_AIM OF THE EXERCISE:_ With the pictures set aside, write out all of the data exactly as it stands.

_DATA SHOWN:_
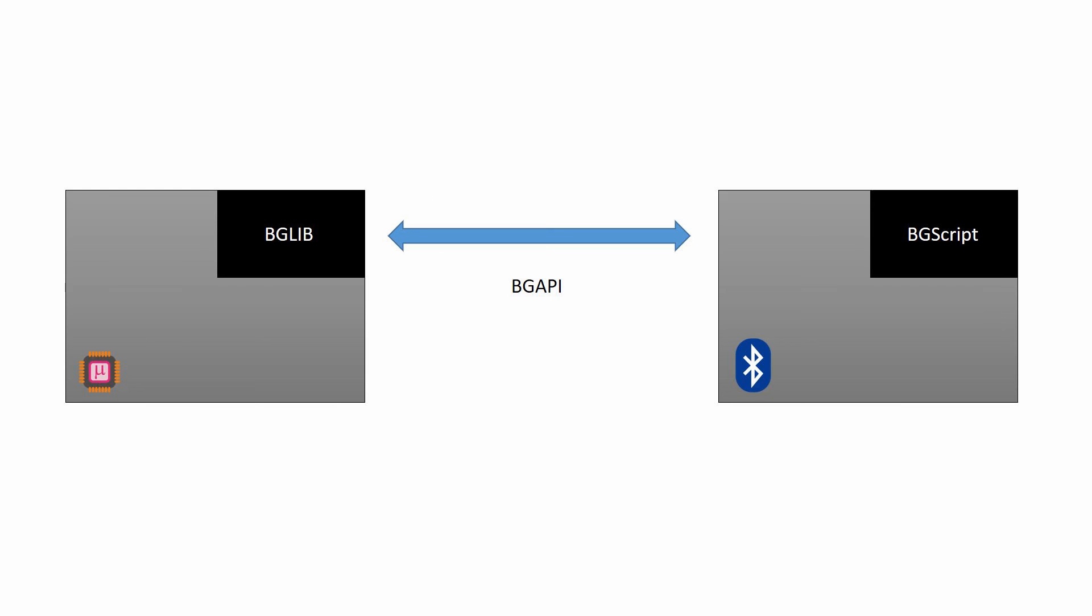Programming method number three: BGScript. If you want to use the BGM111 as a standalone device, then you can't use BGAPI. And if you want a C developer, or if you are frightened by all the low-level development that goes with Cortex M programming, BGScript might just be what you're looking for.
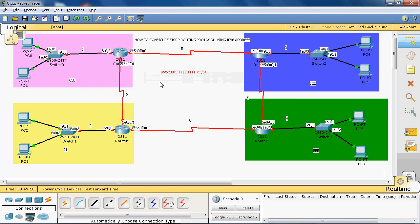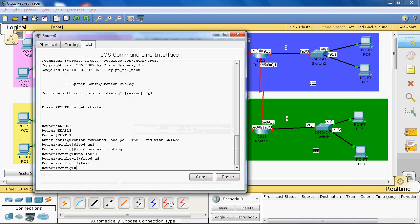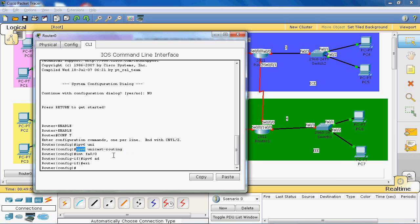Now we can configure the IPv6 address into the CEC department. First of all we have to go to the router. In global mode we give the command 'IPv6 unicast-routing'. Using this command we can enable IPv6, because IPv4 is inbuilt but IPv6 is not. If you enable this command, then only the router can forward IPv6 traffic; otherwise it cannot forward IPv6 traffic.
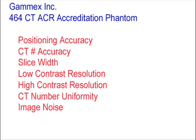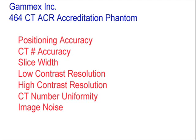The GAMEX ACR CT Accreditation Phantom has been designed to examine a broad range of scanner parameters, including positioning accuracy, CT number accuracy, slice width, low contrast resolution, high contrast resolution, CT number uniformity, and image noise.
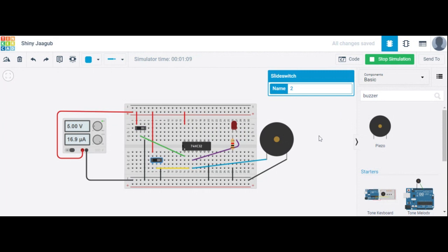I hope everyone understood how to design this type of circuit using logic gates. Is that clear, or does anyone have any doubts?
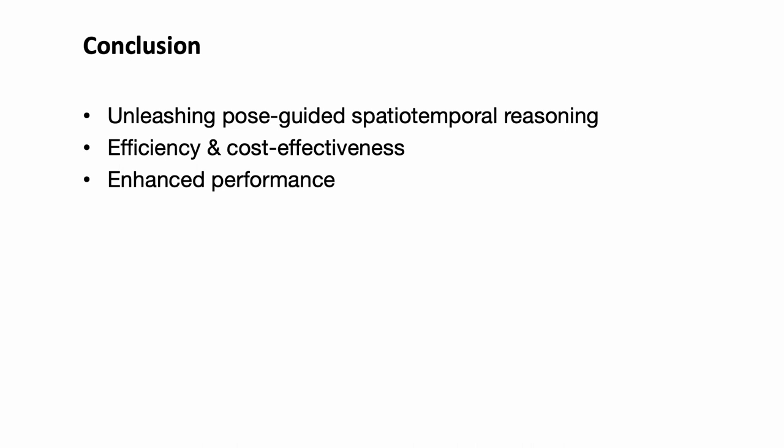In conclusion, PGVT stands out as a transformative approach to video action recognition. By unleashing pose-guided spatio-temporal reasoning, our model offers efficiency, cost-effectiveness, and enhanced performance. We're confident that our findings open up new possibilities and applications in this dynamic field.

_OUTPUT BELOW:_
Programming method number three: BGScript. If you want to use the BGM111 as a standalone device, then you can't use BGAPI. And if you want a C developer, or if you are frightened by all the low-level development that goes with Cortex M programming, BGScript might just be what you're looking for.
Now we can configure the IPv6 address into the CEC department. First of all we have to go to the router. In global mode we give the command 'IPv6 unicast-routing'. Using this command we can enable IPv6, because IPv4 is inbuilt but IPv6 is not. If you enable this command, then only the router can forward IPv6 traffic; otherwise it cannot forward IPv6 traffic.
The GAMEX ACR CT Accreditation Phantom has been designed to examine a broad range of scanner parameters, including positioning accuracy, CT number accuracy, slice width, low contrast resolution, high contrast resolution, CT number uniformity, and image noise.
I hope everyone understood how to design this type of circuit using logic gates. Is that clear, or does anyone have any doubts?
In conclusion, PGVT stands out as a transformative approach to video action recognition. By unleashing pose-guided spatio-temporal reasoning, our model offers efficiency, cost-effectiveness, and enhanced performance. We're confident that our findings open up new possibilities and applications in this dynamic field.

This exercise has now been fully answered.